Economic factors, of course, play a key role in this growth. On-demand software can cost 50-percent less than software deployment, with little or no upfront capital expenditure.

In addition, SaaS also propagates product enhancements and updated security features directly from the provider, reducing the burden on IT staff. Nonetheless, for many companies, SaaS can still present a significant security issue.

According to Forbes, the average enterprise has 508 different SaaS-based applications in use — many directly provisioned by employees without oversight from the security department. Many others are officially unsanctioned, but tolerated by IT teams, such as GitHub for source code and Skype for internal communication.

Unfortunately, many of these SaaS-based apps are consumer-grade, meaning they do not come with enterprise-class security. In addition, 88 percent of these apps enable file sharing and 81 percent of data downloads occurs in apps with no encryption of data at rest.

These factors alone make SaaS solutions a prime target for cybercriminals. But, there is another one that is making them easy prey. Even the most robust security mechanisms are defenseless against bad actors logging in with legitimate user credentials.

Unfortunately, sophisticated phishing attacks and an endless number of corporate data breaches mean everything from login credentials to user IDs to PIN codes are widely accessible to cyberthieves online. More than 6 billion personal files have been compromised during the past few years, and that number grows by the day.

With this information so readily available, crime rings can easily log in to accounts and take them over. Many even engage in credential stuffing, which involves using swarms of bots to automate the process of testing stolen credentials to accelerate takeovers. According to some estimates, such credential-stuffing attempts can make up to 90 percent of all enterprise login traffic.

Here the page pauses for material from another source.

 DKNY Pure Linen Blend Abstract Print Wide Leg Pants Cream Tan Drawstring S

Once an account is taken over, cybercriminals are treated just like any other trusted customer, employee or partner, and are free to appropriate whatever legitimate users have access to — financial assets, corporate data, intellectual property and more.

Aside from the loss of data, account takeovers can dampen business growth and seriously damage brand reputation if your customers are getting attacked through your product.

2FA is Not Enough

To shut down takeover attacks, many companies are beginning to clamp down on unsanctioned SaaS solutions and are requiring 2FA.

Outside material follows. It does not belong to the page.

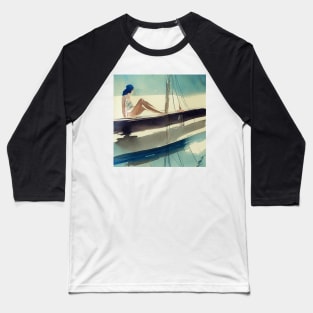 Woman Sunbathing on a Sailboat Baseball T-Shirt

In addition to entering a username and password, 2FA entails a second method of verification, such as entering a one-time passcode (OTP) sent to the user’s mobile phone. Others use USB-based cryptographical security keys.

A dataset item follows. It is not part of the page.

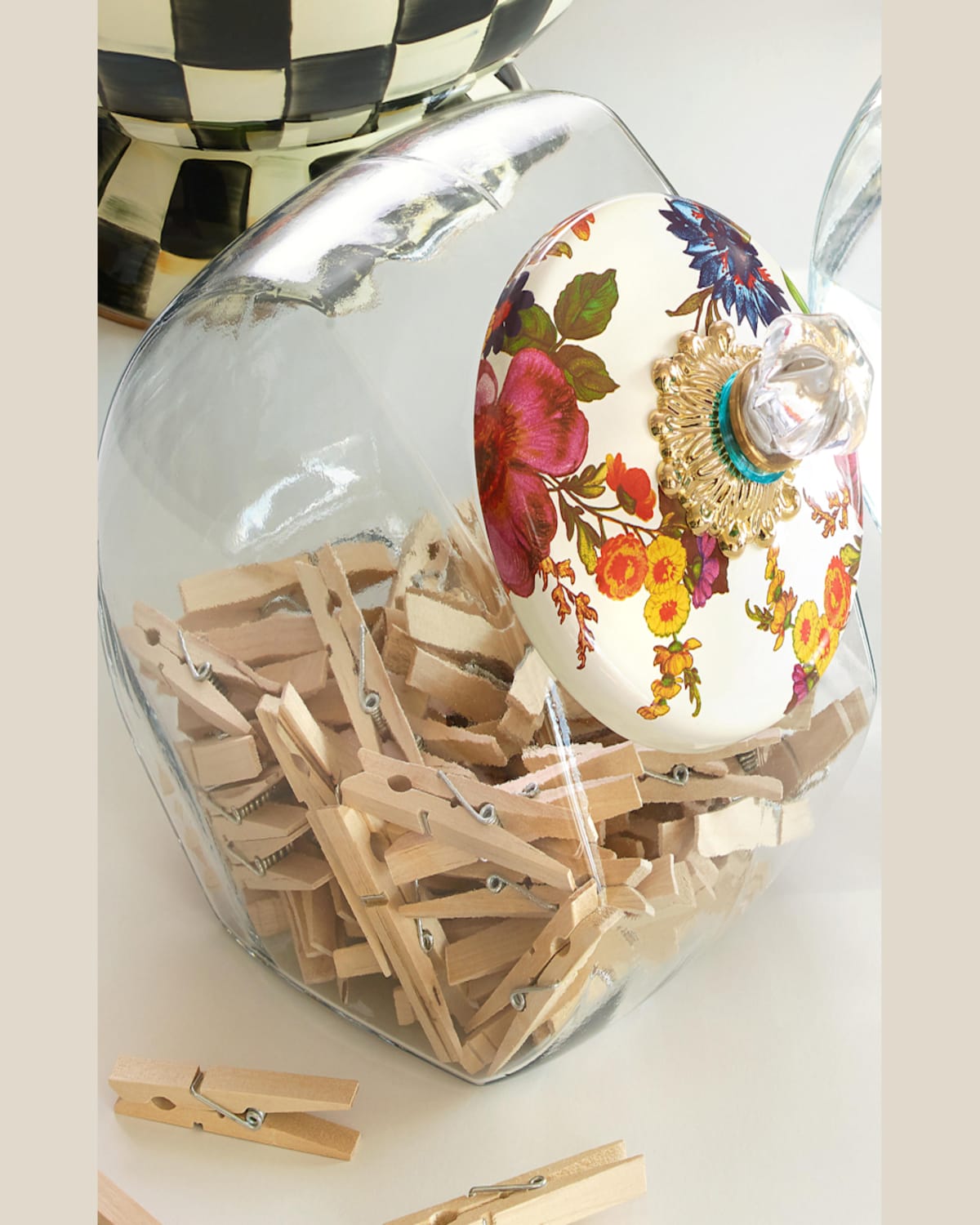 Mackenzie-childs Mackenzie Childs Cookie Jar With Flower Market Lid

Unfortunately, everything cybercriminals need to bypass 2FA — from login credentials, to secret questions, to token-generated passwords, to device ID data and more — can easily be obtained on the dark web or simply stolen.

According to industry reports, thieves now have the technology to steal credentials that report OTPs in real time, so they can login before the victim can. If biometrics or other mechanisms are added to the mix, crooks can hijack live sessions from a remote location.

So, while 2FA provides an extra layer to help verify user identity, it can’t protect against malware or session hijacking. Plus, it introduces user friction, which slows down users and customers.

Change the Landscape

While enterprise IT teams can put security measures in place in an attempt to keep the bad guys out, they can’t protect against a bad guy who they think is a good guy. In response, a growing number of companies are transitioning to multi-layered authentication solutions that leverage emerging forms of digital identity intelligence that are virtually invulnerable to fraud.

This new generation of digital identity solutions authenticate users based on as many as 500 different dynamic data elements, and identify risks by assessing the associations between users and their devices, locations, accounts and behavior, as well as the presence of any threats.

It’s time to change the landscape again — to one that is no longer favorable to the cybercriminals.